There are many reasons. It could be a generational issue, but it’s definitely an educational problem as well. I was the only female in my school and college IT classes. This reflects the higher number of men who end up landing leadership roles in the industry. That’s why it’s paramount we encourage girls to take more of an interest in IT at school.

The male domination could be why men more often have the confidence to take on roles they might not be ready for. And why their female colleagues so often assume that more advanced roles are beyond them.

This is a mindset. It’s not reality. When women push themselves, they find they had the capability all along.

Also, providing more support during maternity and for working mums is a must if we’re to have a level playing field in the industry.

What’s the biggest lesson you’ve learned in your career?

If you don’t try, you don’t know. Push yourself. It’s the only way to find out what your capabilities and boundaries are.

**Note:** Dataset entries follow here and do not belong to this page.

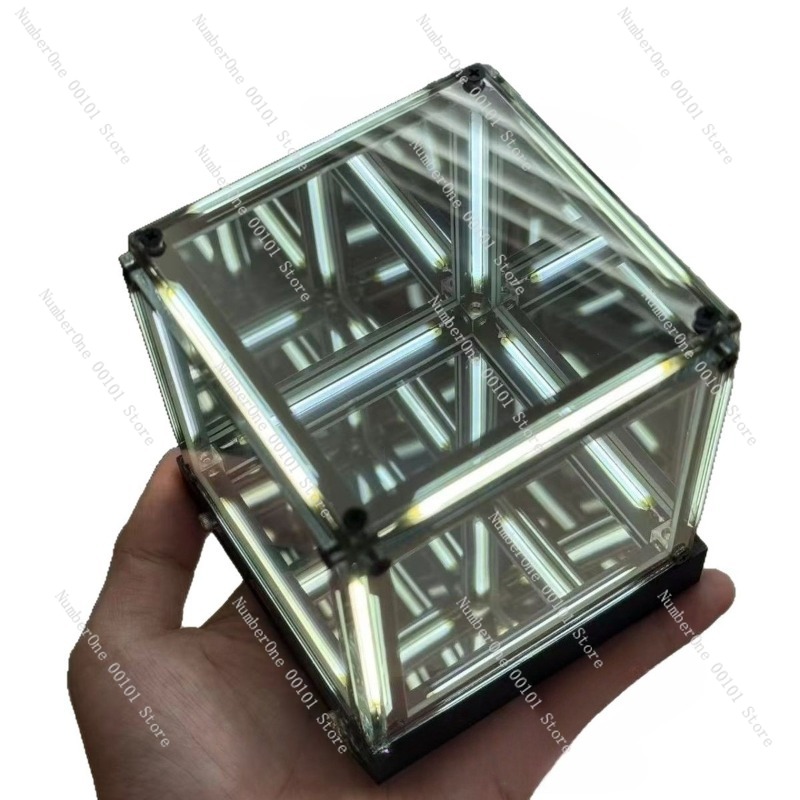 Luz Ambiental para Escritorio  - Photography Lighting Game reseña y precio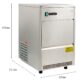 Machine à glaçons METRO Professional inox 26 kg/24 h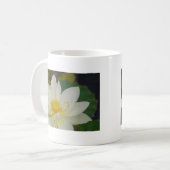 Creme Water Lily02.JPG Kaffeetasse (Vorderseite Links)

When you think you’ve hit a wall, do whatever it takes to push through it and keep on going.

What are your three top tips for women looking for a career in IT? What’s your advice to young women aspiring to take on leadership roles?

My three top tips are:

  • Never ask ‘why’, always ask ‘why not’.
  • You don’t necessarily have to be a ‘techie’. Understand the business case for technology, and broaden your skills around that.
  • Support the women around you. They’re not your competition. They’re your support network, and they’re facing the same challenges as you.

IT is a great place to build a career. It’s well paid in comparison to other industries. You have a real impact on people and businesses. And technology isn’t going anywhere other than forward.

There’s a huge skills gap in the market and I’d love to see women filling more leadership roles. Sometimes, that simply means breaking your habits and taking on more of the behaviours and traits of those already in senior roles.